Utilizing cruise control at highway speeds can improve fuel consumption by about 7%. Speed in general is like “an inverted U-shaped function” in terms of fuel efficiency, in which the lowest and highest speeds are the least ideal. For example, the study points out that a 2007 Honda Accord experienced its best fuel economy in a natural setting at 61 mph. Driving 30 mph below or above that speed resulted in at least a 30% decrease in fuel efficiency.[PAGEBREAK]
Turning on the air conditioner has been found to cause similar effects on fuel spend. It turns out that using the A/C can reduce mileage by as little as 5% and as much as 25%. While this is a wide range, the last component of operational decisions — aggressive driving — consistently affects fuel economy by an average of 31%. However, between the 10th and 90th percentile, the mpg achieved among drivers in the same vehicle varies by about 20%.
The table below breaks down each of the efficient driving strategies, which total for an average, cumulative effect on fuel efficiency by 45%.
Tactical Decisions: Route Management and Rightsizing
Do you choose the long, flat route or the shortcut through the hills? Would there really be a noticeable difference on fuel efficiency? According to the UMTRI study, in cases where two routes were taken to the same destination, the flat route resulted in a 15-20% improvement in fuel economy.
Heavy traffic is an even greater concern. Going from “free flow” traffic to “forced or breakdown flow” can reduce fuel efficiency by 20-40%. But the most significant drop occurs when traffic transitions from an “unstable flow” to the final category of a “forced or breakdown flow.” These traffic-level classifications suggest that light and medium traffic don’t affect fuel efficiency as much as gridlock.
In choosing the right vehicle for your business, be sure to select the best model variant for the job. The UMTRI study shows that the mean range for cars that have two or more model variants is 4.3 mpg, and 4.9 mpg for light-duty trucks. And while these ranges might not seem like much, that’s 18% of the average fuel economy of all vehicles. So, do you really need that crew cab?
Finally, think about what you actually need to carry in your vehicle for each trip. According to the EPA, for every 100 pounds added to a vehicle, fuel efficiency is reduced by up to 2%. UMTRI also estimates that the average U.S. adult weight-gain — about 24 pounds from 1960 to 2002 — has reduced the overall fuel economy by about half a percentage point.

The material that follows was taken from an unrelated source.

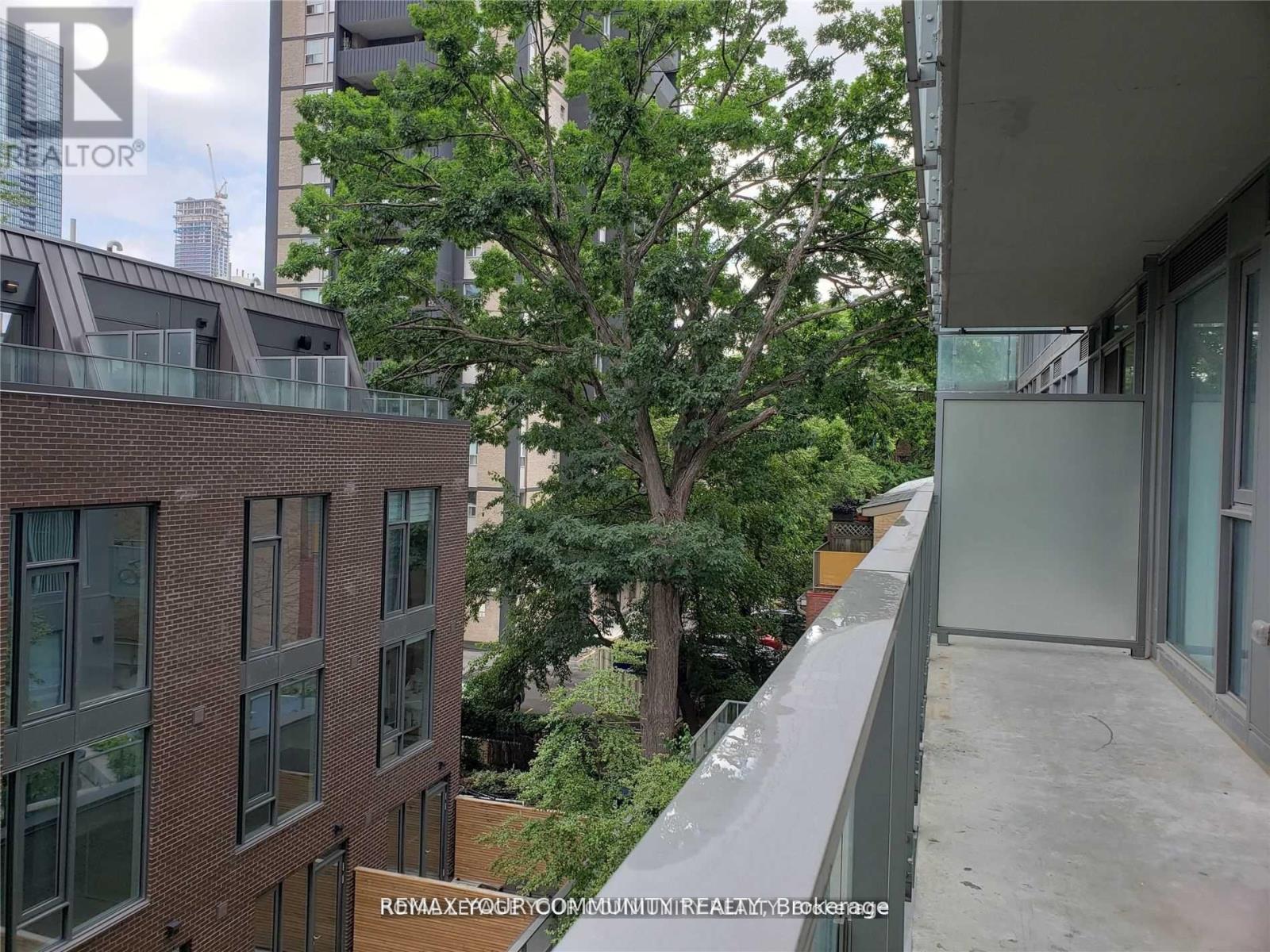#302 50 WELLESLEY STREET E - 15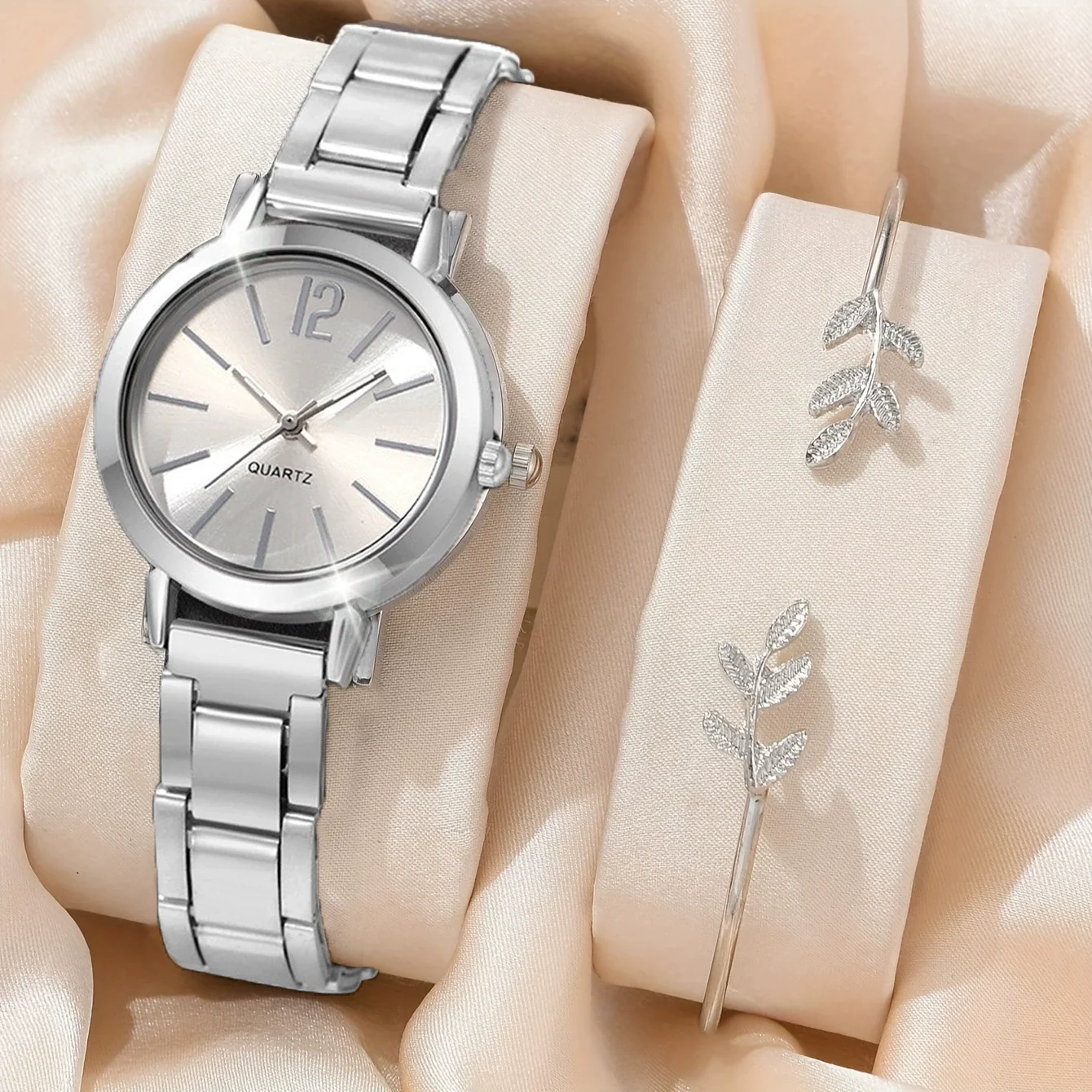 Universal Casual Alloy Case Round Dial Quartz Watch With Steel Band And Ordinary Glass Mirror - Image 40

Strategic Decisions: Vehicle Maintenance
Failing to properly maintain the engine, check the tires or use the correct engine oil can also hurt fuel efficiency. The study quotes a 2011 EPA study which found that “fixing a car that is noticeably out of tune or has failed an emission test can improve its gas mileage by an average of 4%, though results vary based on the kind of repair and how well it is done.” As well, the EPA says that fixing a faulty oxygen sensor can improve mileage “by as much as 40%.”
For every 1 psi drop in tire inflation, the vehicle’s fuel economy will drop an average of 0.3%. Using the wrong type of engine oil can decrease efficiency by 1-2%.
Reducing operational costs for your small business fleet requires a combination of driver training and route optimization. Achieving both will take time, but in the long run, making the most out of these decisions will definitely cost less than the gas you’re wasting.